Driving from the coulee-adjacent neighborhoods of Riverstone to the flatter industrial parks in Sherring reveals a sharp contrast in ground conditions across Lethbridge. The Oldman River valley carved through glacial till and alluvial sands, leaving some sites with dense gravel and others with loose, water-laid silts. For a city of over 100,000 that sits at 910 meters elevation where chinook winds can strip moisture from exposed soil in hours, a standard compaction spec often falls short. We apply vibrocompaction design that accounts for these localized grain-size shifts. A quick grain-size analysis run on borehole samples tells us whether the deposit will respond to vibratory densification, while CPT testing along the proposed grid refines the target depth and probe spacing before any rig moves in.
In the mixed glacial deposits of Lethbridge, vibrocompaction design succeeds or fails on the accuracy of the grain-size curve—treat the silt fraction wrong and you densify nothing.
Relevant standards
NBCC 2020 Division B Part 4 for foundation design and seismic hazard, CSA A23.3:19 Design of Concrete Structures (bearing on improved ground), ASTM D6066 Standard Practice for Determining the Normalized Penetration Resistance of Sands, ASTM D2488 Description and Identification of Soils (Visual-Manual Procedure), Alberta Building Code (ABC) 2023, referencing NBCC with provincial amendments
Quick answers
What does vibrocompaction design cost in Lethbridge?
For a typical commercial or light industrial site in Lethbridge, vibrocompaction design and field verification run between CA$2,300 and CA$7,030, depending on treatment area, depth, and the number of post-treatment CPT soundings required.
How deep can vibrocompaction treat the loose sands along the Oldman River?
In the alluvial deposits near the Oldman River, we routinely treat to 20 meters with standard electric vibrators. Deeper profiles—up to 28 meters—are feasible with hydraulic rigs and bottom-feed stone, depending on groundwater conditions and cobble content encountered during probing.
Does vibrocompaction work in silty soils found on Lethbridge's west side?

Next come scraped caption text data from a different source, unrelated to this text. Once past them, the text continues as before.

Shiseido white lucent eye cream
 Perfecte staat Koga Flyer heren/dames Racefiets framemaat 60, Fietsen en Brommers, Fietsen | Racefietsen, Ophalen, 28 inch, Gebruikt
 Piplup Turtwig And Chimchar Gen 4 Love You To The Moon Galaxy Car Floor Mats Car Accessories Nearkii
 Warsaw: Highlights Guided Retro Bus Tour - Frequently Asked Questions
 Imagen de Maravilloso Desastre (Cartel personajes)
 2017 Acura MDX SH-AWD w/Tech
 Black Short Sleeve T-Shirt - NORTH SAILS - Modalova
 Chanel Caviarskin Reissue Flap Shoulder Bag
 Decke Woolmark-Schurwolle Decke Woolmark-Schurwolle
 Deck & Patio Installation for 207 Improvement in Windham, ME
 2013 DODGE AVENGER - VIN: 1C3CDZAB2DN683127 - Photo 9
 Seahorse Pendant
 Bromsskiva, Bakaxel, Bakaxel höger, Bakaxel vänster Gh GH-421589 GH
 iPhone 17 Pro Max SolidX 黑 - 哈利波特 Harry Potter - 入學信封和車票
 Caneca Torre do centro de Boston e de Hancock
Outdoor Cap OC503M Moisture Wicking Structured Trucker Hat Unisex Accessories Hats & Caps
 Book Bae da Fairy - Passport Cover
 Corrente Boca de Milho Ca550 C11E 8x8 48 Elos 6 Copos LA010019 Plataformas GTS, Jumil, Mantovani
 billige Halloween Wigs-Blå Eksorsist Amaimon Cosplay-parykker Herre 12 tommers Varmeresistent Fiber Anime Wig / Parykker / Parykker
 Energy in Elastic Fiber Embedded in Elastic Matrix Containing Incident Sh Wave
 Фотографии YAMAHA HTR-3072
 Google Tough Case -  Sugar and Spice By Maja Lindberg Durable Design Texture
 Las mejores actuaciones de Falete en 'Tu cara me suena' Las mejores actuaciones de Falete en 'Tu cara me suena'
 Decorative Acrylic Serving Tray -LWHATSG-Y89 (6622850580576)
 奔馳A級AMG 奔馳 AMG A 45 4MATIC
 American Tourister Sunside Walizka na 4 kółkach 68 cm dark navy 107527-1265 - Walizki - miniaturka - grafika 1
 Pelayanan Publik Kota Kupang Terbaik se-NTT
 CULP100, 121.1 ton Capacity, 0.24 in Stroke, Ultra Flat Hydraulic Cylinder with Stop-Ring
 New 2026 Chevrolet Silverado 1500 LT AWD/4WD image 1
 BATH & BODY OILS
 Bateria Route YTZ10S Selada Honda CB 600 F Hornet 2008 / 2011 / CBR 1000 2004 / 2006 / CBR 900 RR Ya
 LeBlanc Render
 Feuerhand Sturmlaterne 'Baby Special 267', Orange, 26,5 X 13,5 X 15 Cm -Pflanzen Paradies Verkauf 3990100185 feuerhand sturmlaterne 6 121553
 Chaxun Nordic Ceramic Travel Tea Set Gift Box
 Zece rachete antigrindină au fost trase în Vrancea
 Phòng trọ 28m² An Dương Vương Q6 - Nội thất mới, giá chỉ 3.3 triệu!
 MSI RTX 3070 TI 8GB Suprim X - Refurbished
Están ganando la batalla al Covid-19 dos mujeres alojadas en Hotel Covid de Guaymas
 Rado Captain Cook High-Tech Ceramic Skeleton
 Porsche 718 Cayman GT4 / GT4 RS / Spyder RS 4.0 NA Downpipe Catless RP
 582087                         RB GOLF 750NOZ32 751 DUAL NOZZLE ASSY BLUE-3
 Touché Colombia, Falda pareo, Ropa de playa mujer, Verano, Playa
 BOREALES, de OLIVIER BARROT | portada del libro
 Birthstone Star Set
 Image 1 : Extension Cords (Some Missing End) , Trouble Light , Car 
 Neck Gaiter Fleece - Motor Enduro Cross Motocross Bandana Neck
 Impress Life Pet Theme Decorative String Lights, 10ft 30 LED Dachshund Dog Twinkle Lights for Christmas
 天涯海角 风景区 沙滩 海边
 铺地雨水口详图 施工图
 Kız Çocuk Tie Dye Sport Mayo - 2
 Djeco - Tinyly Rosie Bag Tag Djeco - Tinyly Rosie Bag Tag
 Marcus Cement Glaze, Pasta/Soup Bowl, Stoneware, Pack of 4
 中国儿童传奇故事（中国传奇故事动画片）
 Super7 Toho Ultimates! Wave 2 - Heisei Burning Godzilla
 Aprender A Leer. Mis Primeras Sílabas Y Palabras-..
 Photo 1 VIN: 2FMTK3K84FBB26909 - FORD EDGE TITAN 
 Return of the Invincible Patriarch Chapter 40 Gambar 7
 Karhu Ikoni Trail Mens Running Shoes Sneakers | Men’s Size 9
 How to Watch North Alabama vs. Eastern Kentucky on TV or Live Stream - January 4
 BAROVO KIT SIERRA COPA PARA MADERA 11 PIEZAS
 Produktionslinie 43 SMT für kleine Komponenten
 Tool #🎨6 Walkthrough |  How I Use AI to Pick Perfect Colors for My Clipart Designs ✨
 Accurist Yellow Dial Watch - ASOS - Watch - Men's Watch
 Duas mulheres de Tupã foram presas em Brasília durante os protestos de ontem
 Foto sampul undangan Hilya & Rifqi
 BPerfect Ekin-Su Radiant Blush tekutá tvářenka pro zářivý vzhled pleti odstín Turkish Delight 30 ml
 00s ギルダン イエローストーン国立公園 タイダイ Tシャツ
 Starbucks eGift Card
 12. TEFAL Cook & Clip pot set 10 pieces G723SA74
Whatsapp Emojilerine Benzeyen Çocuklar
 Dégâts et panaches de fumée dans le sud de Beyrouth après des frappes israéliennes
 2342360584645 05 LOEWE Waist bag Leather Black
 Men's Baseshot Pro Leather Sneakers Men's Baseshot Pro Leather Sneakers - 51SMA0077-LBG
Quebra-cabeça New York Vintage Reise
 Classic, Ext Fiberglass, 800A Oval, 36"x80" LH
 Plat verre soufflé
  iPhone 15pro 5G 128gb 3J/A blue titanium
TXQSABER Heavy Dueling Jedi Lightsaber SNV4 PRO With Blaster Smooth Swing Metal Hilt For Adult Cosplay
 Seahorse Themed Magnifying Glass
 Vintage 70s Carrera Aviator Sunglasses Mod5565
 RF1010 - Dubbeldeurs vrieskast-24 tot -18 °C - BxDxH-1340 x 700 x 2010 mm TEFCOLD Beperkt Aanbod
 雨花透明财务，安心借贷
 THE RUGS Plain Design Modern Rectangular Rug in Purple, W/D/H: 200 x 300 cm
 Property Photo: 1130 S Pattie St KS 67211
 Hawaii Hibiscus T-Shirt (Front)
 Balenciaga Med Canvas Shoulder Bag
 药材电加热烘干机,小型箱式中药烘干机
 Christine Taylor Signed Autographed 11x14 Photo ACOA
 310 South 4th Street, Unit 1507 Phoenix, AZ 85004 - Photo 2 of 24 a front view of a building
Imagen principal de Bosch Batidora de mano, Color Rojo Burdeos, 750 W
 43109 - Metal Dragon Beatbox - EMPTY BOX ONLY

Vibrocompaction is most effective when fines content stays below 12 percent. Many west-side deposits contain glaciolacustrine silts exceeding this threshold. In those cases we assess the grain-size curve carefully—if silt is too high, we recommend stone columns or a combined solution rather than pure vibratory densification.
What verification testing is required after vibrocompaction in Lethbridge?
Per NBCC and our standard specification, we perform CPT or SPT verification at a minimum of 5 percent of improvement points, distributed across the treated grid. For critical structures, we add pressuremeter testing at selected locations to confirm deformation modulus meets the design assumptions before footing construction begins.